Money may be the root of all evil, but only if you're not honest about what it means to
you. "Money is about love and relationships," Needleman explained. "It has a
wonderful power to bring people together as well as tear them apart. You can't escape
money. If you run from it, it will chase you and catch you. If we don't understand our
relationship to money in this culture, then I think we're doomed. If you don't know
how you are toward money and really understand that relationship, you simply don't
know yourself. Period.

Money truly can't buy happiness, especially if you're unhappy to begin with. "If you
are worrying about vegetables now, you'll be worrying about yachts then," Needleman
joked. "You're a worrier. It's in you, not the money. Life, except for the obvious
physical needs, is not so much defined by the external situation as by the inner one.
Having money won't change your internal makeup. If you're an anxious sonofabitch
without money, you're going to be an anxious sonofabitch with a lot of money."

Being rich does not make you smart—especially about things other than money. "I
met a guy who worked his way up from zero to a half-billion dollars," the philosopher
noted. "I asked him, 'What was the most surprising thing you discovered when you
got rich?' He said, 'Everybody asks my opinion about things because they think I
know something. All I really know is how to make a lot of money.' See, this guy
wasn't fooled by his money. That's the key.

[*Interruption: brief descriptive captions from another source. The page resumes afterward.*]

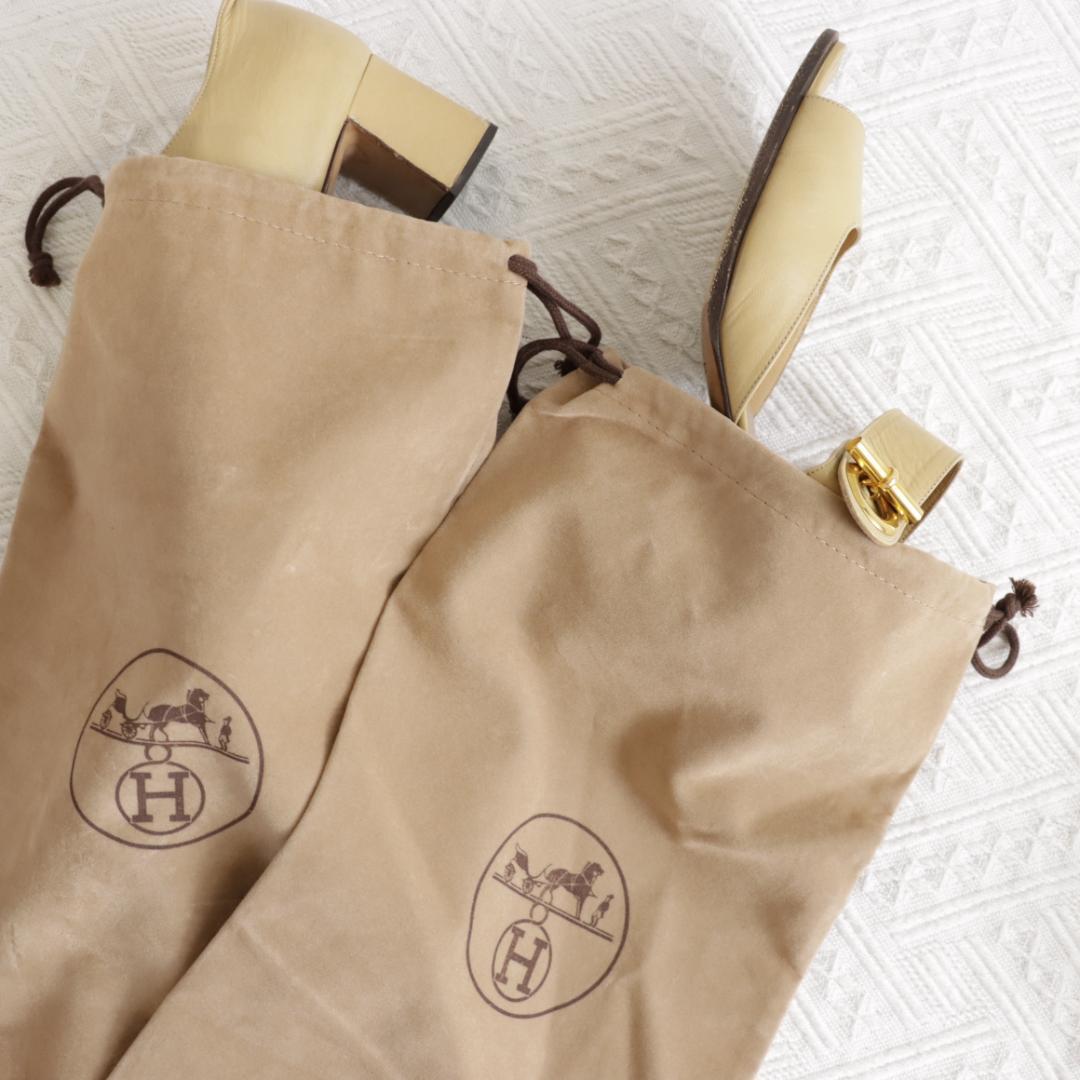 レア！Hermes　エルメス　ミュール　サンダル　レザー　ゴールド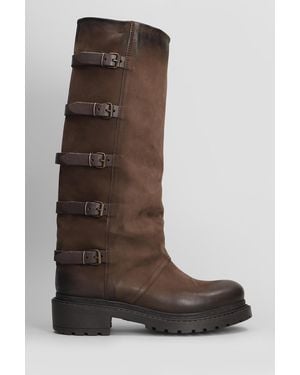 METISSE Low Heels Boots In Dark Brown Nubuck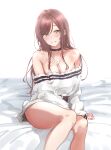  1girl bare_legs bare_shoulders bed_sheet belt_buckle black_choker blush breasts brown_hair buckle choker cleavage collarbone commentary dress feet_out_of_frame highres idolmaster idolmaster_shiny_colors long_hair looking_at_viewer medium_breasts natsumegu_(yvku8527) off-shoulder_dress off_shoulder osaki_amana sitting smile solo straight_hair very_long_hair white_dress 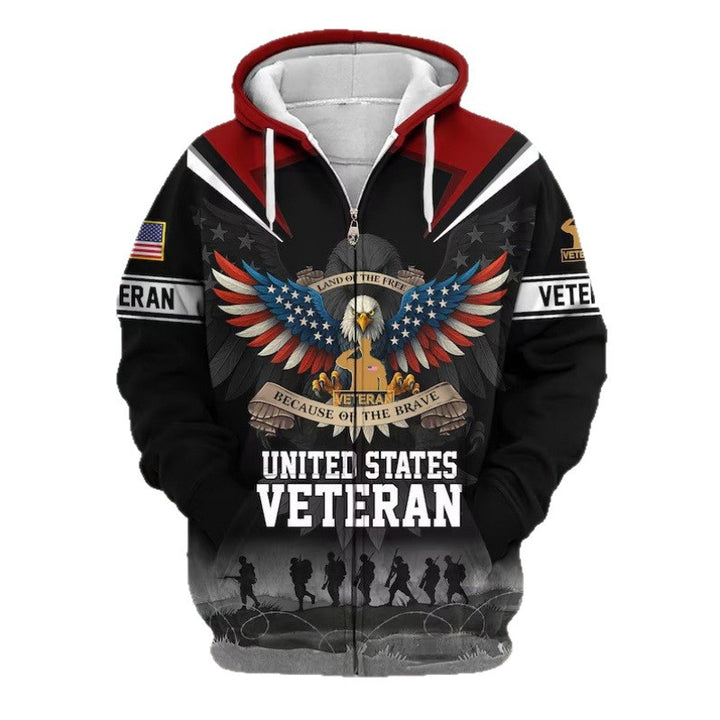 Herren Kapuzensweater mit amerikanischem Veteranenmotiv Drune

Being rich does not automatically lead to a rich life. "There is a difference between
money and success. To be totally engaged with all my functions, all my faculties, all
my capacities in life—to me that would be success. I grew up around the Yiddish
language, and in Yiddish there are about 1,000 words that mean "fool." There's only
one word that means an authentic human being: mensch. My grandmother would say,
"You've got to be a mensch," and that has to do with what we used to call character.
To be successful means to have developed character. You should be looking for the
joy, the struggle, and the challenge of work. What you bring forth from your own guts
and heart. The happiness of hard work. No amount of money can buy that. Those are
things of the spirit."

It's easy to pass judgment from afar on the misdeeds and missteps of wealthy people
in the news. But look in the mirror. What's your relationship with the pursuit of
wealth? How do you think about money and the meaning of life?